Next, a case will be described in which the importance of the log is lower than the predetermined importance and the log storage area determining unit 106 has determined the second area A2 as the log storage area.

When the free space of the second area A2 is larger than the log data amount, the memory control unit 107 stores the log in the second area A2, which is the log storage area.
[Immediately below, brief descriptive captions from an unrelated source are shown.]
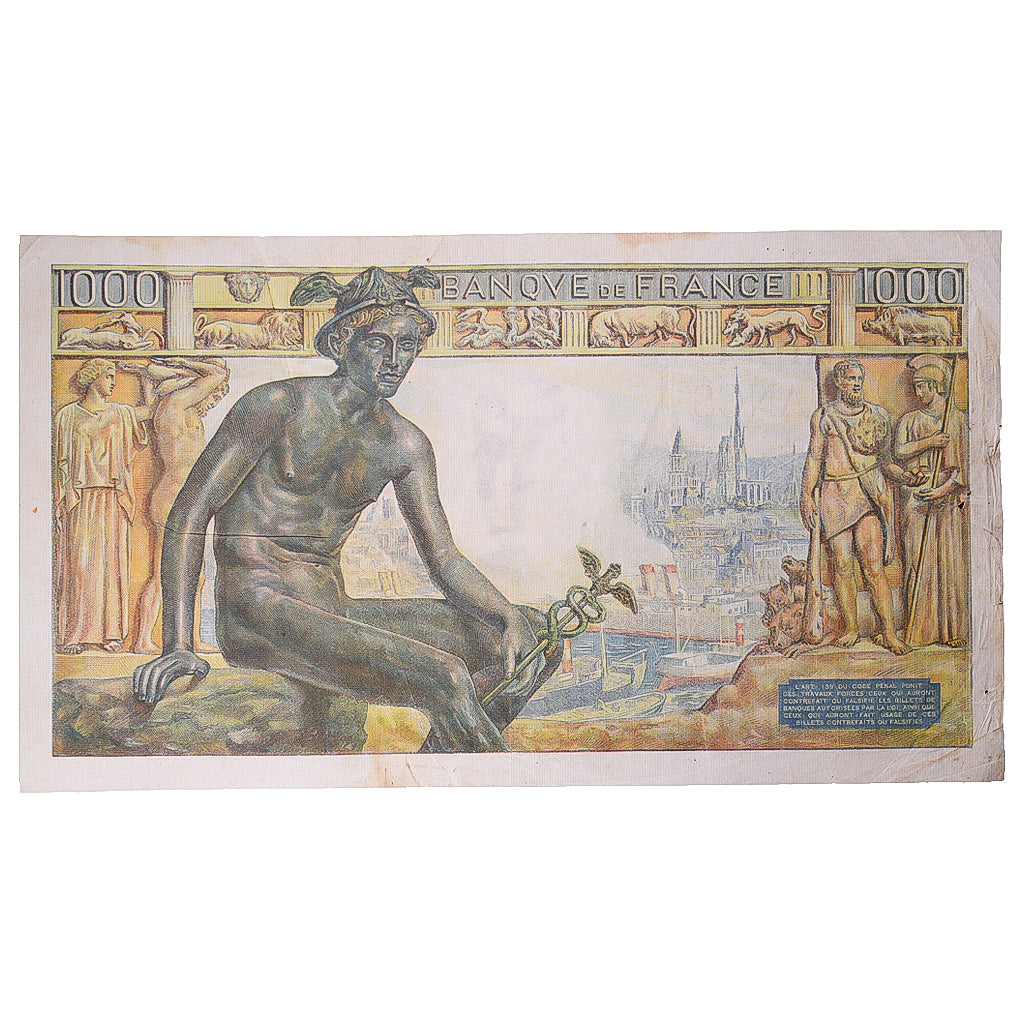França, 1000 Francs, Déesse Déméter, 1943, Y.6005, VF(30-35), Fayette:40.25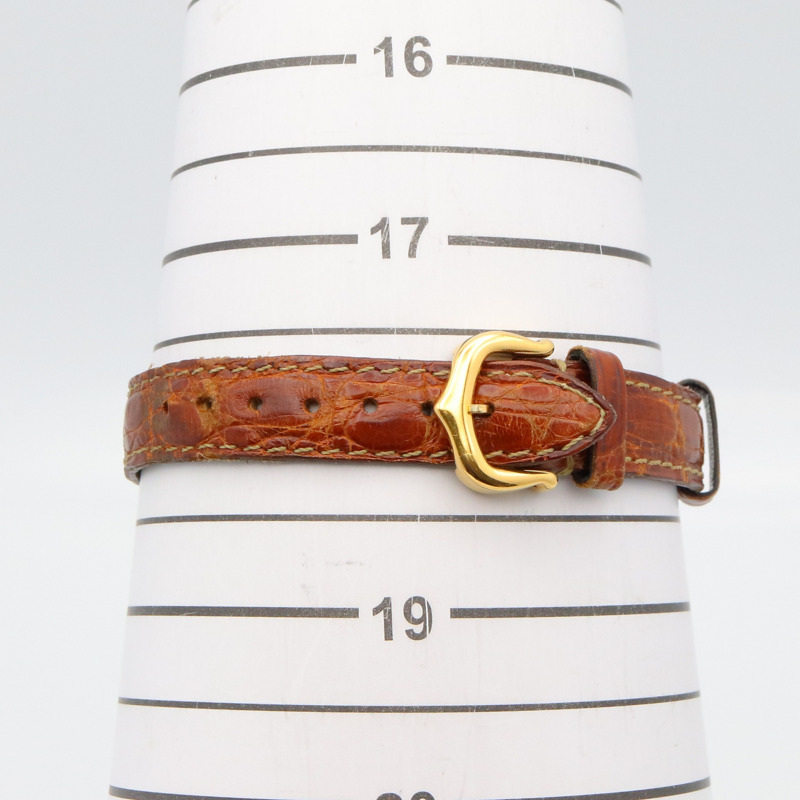 卡地亞 Must Colisee Vermeil SM 女士腕錶,鍍金,皮革錶帶,金色,W1000553-7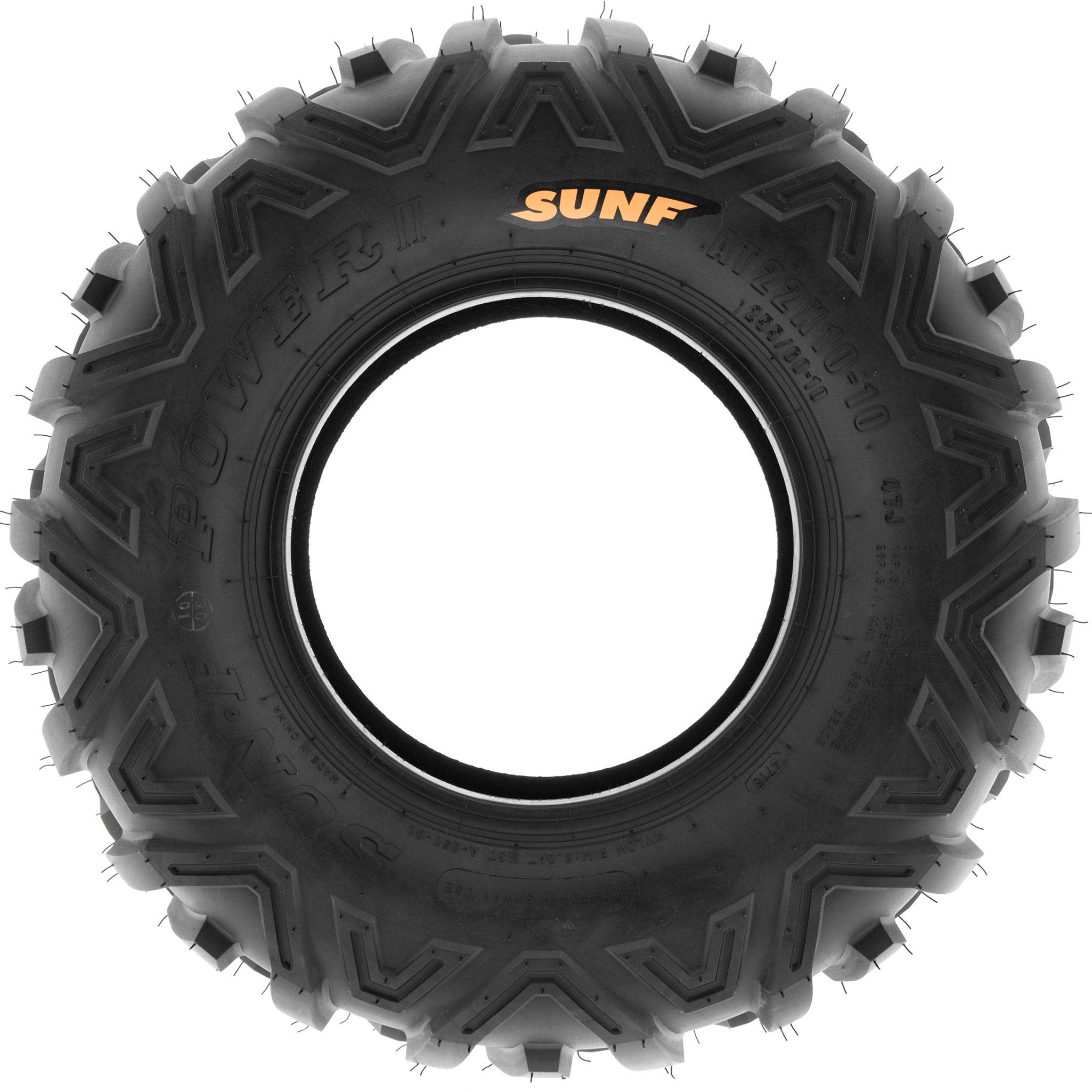 Set Of 4 Sunf Power.Ii All-Terrain Off Road Atv Utv Tires 22X7-10 Front & 20X10-8 Rear, 6 Pr Tubeless A051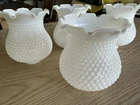 Vintage Milk Glass Hobnail Light Lamp Shades Set Of 4
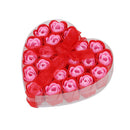 24 Pcs Red Scented Bath Soap Rose Petal in Heart Box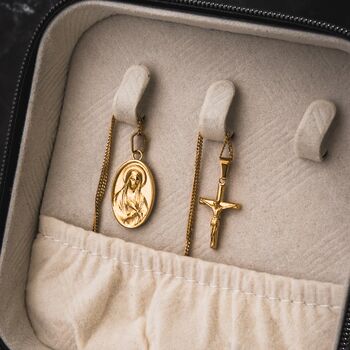 Virgin Mary Gold Pendant Chain Necklace For Men, 4 of 8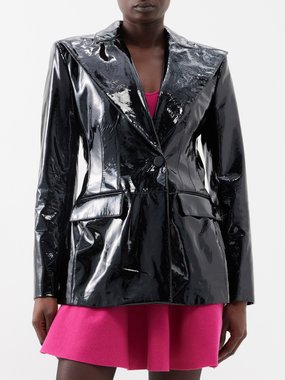Nina Ricci Single-breasted patent leather blazer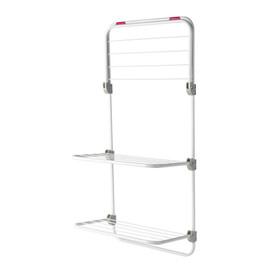White over-door drying rack with two shelves, foldable design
On the other hand, if the free space of the second area A2 is less than the log data amount, the log cannot be stored in the second area A2. Therefore, the memory control unit 107 compares the free space of the first area A1, which is not the log storage area, with the amount of log data. Here, when the free space of the first area A1 is larger than the amount of log data, the memory control unit 107 increases the ratio of allocation of the storage capacity of the second area A2 to the storage capacity of the storage area A. , to secure the free space for saving the log in the second area A2. Then, the log is stored in the second area A2 to which the increased storage capacity is allocated. Note that the allocation ratio to the storage capacity of the first area A1 is decreased.

Also, if the free space in the first area A1 is less than the amount of log data, the memory control unit 107 cannot increase the ratio of allocation to the storage capacity in the second area A2. Therefore, the memory control unit 107 overwrites the log saved in the second area A2 and saves the log. Here, the log to be overwritten is preferably the log with the oldest time information, that is, the time generated by the security sensor among the logs stored in the second area A2. Further, as in the above example, if the time information of the logs stored in the second area A2 is newer than the time information included in the log acquired by the log acquisition unit 101, the memory control unit 107 discards the log acquired by the log acquisition unit 101 without saving it.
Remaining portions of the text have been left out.